About the Role
We are seeking a Senior Data Engineer to build and stabilize the next generation of Cake Digital Bank's unified data infrastructure — powering analytics, dashboards, and real-time intelligence across the organization.
You will work across streaming, batch, and lakehouse layers, ensuring that our data pipelines and platforms — BigQuery, Doris, and Iceberg — operate with reliability, observability, and cost-efficiency.
This role is central to the evolution of Cake's data mesh and lakehouse architecture, where dashboards, dbt transformations, and machine-learning features all depend on a stable, scalable, and auditable data foundation.
Key Responsibilities
1. Data Infrastructure Stability & Reliability
- Design, implement, and maintain high-availability data pipelines that replicate data from OLTP systems to analytical warehouses (BigQuery, Doris)
- Build resilience and recovery patterns — checkpointing, replay queues, schema-aware ingestion, deduplication, and versioned storage.
- Lead incident response, RCA, and SLA management for data infrastructure components.
- Implement end-to-end observability across ingestion, transformation, and serving layers .
2. Unified Storage & Lakehouse Evolution
- Architect and operationalize Apache Iceberg as the central data storage layer to unify data across BigQuery and Doris.
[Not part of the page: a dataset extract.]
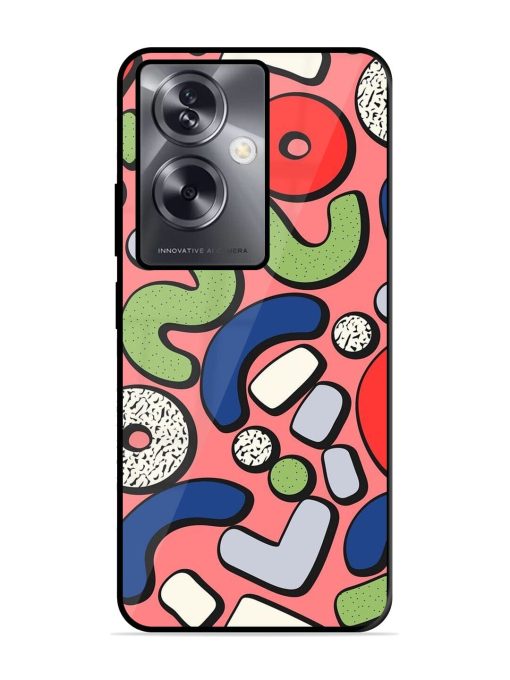 Groovy Geometric Shapes Glossy Soft Edge Case for Oppo A79 (5G)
- Define data layout, partitioning, compaction, and schema evolution strategy for Iceberg tables stored on GCS.
- Design cross-system metadata synchronization between Iceberg catalog, BigQuery external tables, and Doris engines.
3. Platform Automation & Scalability
- Develop and maintain infrastructure-as-code (Terraform, Helm, Config Sync) for Airflow, Flink, Doris, and BigQuery resources.
- Build self-service templates for creating new pipelines, enabling consistent deployment and monitoring.
- Optimize data infrastructure configurations to support workload growth while controlling costs.
- Automate schema detection, dependency validation, and backfill workflows for safe and predictable releases.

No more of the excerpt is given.